4. The stock market is also an indication about how the economy is doing. When a person buys stock, he or she buys a piece of a corporation. The stock market is where buyers and sellers of stocks come together.

a. You can make profits in stocks in two ways, dividends and capital gains. Dividends are sent to each person who owns stock in the company. It is the stock holder’s portion of the company’s profits. Capital gains are the profits that a person makes from selling a stock

b. Stock market indexes are a measure of how stocks do over time. For example the Dow Jones Industrial Average gives an idea about the stock market as a whole. Stock exchange is a location where shares of stock are bought or sold. You do not have to go to the stock market to buy stock; a stock broker can buy or sell stock for you. Most of the stocks in the U.S. are sold on the New York Stock Exchange located on Wall Street in New York City.

VI. Money and BankingA. Money has three functions.

1. It can be exchanged for goods and services.

2. It can serve as a store of value that holds wealth.

3. It helps us determine the value of something.

B. Money comes in two forms: currency and coins. It has value because people believe it is valuable.

C. The U.S. Financial System is a circular process. People and businesses take money to financial institutions to save it. Those institutions use that money to make loans to people who need money. The financial institutions make money off of the interest from the loans and from loan fees. The U.S. system of banking is safe because of regulations and insurance. Banks have rules and regulations that prevent them from taking unnecessary risks, and the Federal Deposit Insurance Company (FDIC) insures a person’s money in financial institutions for up to $100,000.00. It protects consumers from losing their money if the financial institutions fail.

D. Types of Financial Institutions

1. Commercial Banks offer banking services for individuals and businesses. They make profits because of fees and interest payments on loans.

2. Savings and Loan Associates usually loan people money who are buying homes. They also have savings accounts and provide other services that banks do.

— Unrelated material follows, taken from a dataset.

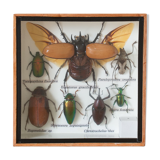 Naturalized insects entomology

3. Credit Unions are not for profit. They are sponsored by a group and the benefits are only open to members of the group.

E. The Federal Reserve System “The Fed” is the central bank of the United States.1. The U.S. is divided into 12 banking districts. Each one of

those districts has one Federal Reserve Bank. Very few banks within the district are not members of the Federal Bank. The Federal Reserve is run by seven board members that are appointed by the President and confirmed by the Senate to serve a 14 year term. The Federal Reserve is not under the control of the President or Congress.

2. The jobs of the Federal Reserve. a. The Fed regulates banking to protect consumers. b. The Fed acts as the government’s bank. First, when

the government raises money, it is deposited into the Fed banks, and it spends its money through those accounts. Second, it sells the government bonds and treasury bills. These help the government raise money. Finally, they issue the national currency

3. Monetary Policy involves controlling the supply of money and the cost of borrowing money based on the needs of the economy. It is implemented by the Federal Reserve Board.

a. The Federal Reserve Board can change the discount rate. The discount rate is the interest rate that the Federal banks charge to member banks when they want a loan. The lower rates encourage banks to borrow money from the Fed at a lower rate, and loan money to their customers at a lower rate. When people have more money to spend, the economy expands. If the Fed wants to slow expansion, they can raise the discount and lower the flow of money

b. The Fed requires that its members store a certain amount of their money in the Federal Bank. This is called the reserve requirement. If the Fed raises the requirement, it limits the amount of money that banks have to lend.

c. The fed can change the money supply through Open-Market Operations. It can buy or sale bonds or Treasury bills to change the amount of money in supply.